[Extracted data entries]
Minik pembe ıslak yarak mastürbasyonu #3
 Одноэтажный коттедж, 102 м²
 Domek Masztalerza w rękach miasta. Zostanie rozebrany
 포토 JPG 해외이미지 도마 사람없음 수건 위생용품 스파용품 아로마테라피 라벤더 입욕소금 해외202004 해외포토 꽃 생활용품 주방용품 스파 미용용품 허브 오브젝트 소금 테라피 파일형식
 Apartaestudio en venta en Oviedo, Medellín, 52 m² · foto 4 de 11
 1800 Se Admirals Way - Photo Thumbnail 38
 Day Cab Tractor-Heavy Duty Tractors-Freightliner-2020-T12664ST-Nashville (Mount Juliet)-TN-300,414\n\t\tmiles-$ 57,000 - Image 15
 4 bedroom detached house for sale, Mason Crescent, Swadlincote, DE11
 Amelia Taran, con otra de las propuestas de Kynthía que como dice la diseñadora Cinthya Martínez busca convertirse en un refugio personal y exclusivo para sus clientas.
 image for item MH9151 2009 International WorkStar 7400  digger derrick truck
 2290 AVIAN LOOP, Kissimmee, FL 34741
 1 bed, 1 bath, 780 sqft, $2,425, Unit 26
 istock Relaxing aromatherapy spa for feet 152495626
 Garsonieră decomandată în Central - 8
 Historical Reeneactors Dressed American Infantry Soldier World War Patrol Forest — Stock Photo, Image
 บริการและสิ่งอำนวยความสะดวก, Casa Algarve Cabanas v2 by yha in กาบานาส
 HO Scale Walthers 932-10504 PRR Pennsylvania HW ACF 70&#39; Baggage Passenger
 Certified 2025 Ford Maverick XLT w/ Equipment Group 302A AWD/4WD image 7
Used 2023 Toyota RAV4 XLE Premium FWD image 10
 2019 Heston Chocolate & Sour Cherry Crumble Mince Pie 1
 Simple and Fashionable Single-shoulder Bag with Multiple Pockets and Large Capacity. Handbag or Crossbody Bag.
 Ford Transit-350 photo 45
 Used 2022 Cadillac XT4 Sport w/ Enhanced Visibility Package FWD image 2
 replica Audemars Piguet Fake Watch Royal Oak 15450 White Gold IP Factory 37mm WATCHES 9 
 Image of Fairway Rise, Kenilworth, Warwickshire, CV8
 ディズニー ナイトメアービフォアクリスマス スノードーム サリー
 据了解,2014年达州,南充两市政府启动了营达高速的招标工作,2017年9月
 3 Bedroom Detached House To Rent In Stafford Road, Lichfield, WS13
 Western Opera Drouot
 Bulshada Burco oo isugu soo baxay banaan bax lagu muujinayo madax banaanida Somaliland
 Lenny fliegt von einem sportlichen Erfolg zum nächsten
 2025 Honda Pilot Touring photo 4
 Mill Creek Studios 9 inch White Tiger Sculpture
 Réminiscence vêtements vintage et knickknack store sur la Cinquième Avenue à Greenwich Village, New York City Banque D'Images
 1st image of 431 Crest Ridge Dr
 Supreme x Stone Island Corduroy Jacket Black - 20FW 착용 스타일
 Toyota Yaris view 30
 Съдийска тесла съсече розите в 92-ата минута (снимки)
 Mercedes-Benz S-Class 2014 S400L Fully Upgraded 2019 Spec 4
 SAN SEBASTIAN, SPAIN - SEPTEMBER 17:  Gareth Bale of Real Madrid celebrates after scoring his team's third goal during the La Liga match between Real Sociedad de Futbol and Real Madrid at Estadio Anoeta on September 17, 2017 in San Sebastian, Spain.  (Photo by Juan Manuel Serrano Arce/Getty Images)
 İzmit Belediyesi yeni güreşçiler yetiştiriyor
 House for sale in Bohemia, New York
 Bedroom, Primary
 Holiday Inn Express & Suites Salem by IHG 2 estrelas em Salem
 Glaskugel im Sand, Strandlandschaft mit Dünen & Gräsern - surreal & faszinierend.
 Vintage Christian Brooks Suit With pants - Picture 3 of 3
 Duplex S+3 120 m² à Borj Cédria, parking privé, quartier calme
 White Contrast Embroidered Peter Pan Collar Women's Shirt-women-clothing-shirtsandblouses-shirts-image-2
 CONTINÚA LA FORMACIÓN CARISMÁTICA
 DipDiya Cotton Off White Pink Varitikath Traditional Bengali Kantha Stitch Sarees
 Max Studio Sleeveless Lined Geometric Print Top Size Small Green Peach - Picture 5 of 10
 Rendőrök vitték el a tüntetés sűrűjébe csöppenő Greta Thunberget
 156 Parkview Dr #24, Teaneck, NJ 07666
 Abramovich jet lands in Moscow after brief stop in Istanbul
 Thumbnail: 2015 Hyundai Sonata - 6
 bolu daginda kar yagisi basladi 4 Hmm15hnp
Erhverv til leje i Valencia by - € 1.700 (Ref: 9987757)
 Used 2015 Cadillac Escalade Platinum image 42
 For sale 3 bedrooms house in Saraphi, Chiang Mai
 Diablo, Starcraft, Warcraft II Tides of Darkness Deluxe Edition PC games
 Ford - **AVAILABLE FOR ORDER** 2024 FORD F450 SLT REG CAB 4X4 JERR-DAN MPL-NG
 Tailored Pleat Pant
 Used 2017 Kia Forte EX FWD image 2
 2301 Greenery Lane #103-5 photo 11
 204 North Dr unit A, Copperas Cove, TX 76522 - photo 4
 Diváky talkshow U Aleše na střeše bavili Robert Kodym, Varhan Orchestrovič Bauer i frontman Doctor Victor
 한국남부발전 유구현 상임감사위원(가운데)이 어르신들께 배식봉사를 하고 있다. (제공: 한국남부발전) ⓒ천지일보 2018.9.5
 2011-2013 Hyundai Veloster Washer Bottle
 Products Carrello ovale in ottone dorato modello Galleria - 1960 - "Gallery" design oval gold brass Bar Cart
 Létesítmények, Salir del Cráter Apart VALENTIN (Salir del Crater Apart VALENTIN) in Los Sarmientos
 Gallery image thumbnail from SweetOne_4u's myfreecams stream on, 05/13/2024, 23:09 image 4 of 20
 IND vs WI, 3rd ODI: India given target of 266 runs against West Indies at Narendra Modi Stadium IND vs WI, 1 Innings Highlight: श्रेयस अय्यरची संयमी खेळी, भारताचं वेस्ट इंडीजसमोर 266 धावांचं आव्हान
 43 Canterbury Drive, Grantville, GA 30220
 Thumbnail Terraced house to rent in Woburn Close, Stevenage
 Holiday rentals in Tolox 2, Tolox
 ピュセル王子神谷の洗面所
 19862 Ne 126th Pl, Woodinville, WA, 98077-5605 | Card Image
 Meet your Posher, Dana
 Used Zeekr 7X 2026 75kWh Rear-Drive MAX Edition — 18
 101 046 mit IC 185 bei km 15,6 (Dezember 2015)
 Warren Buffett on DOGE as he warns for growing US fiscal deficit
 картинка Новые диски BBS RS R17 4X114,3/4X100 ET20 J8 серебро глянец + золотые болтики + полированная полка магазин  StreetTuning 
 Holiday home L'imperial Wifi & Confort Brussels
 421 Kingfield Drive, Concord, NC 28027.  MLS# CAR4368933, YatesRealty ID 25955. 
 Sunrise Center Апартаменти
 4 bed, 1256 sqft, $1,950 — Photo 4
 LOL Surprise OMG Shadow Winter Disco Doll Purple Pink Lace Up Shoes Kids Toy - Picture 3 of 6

[EXERCISE] The answer should consist of all lines from the records above that hold the word "Used".

[RESPONSE BELOW]
Used 2023 Toyota RAV4 XLE Premium FWD image 10
 Used 2022 Cadillac XT4 Sport w/ Enhanced Visibility Package FWD image 2
 Used 2015 Cadillac Escalade Platinum image 42
 Used 2017 Kia Forte EX FWD image 2
 Used Zeekr 7X 2026 75kWh Rear-Drive MAX Edition — 18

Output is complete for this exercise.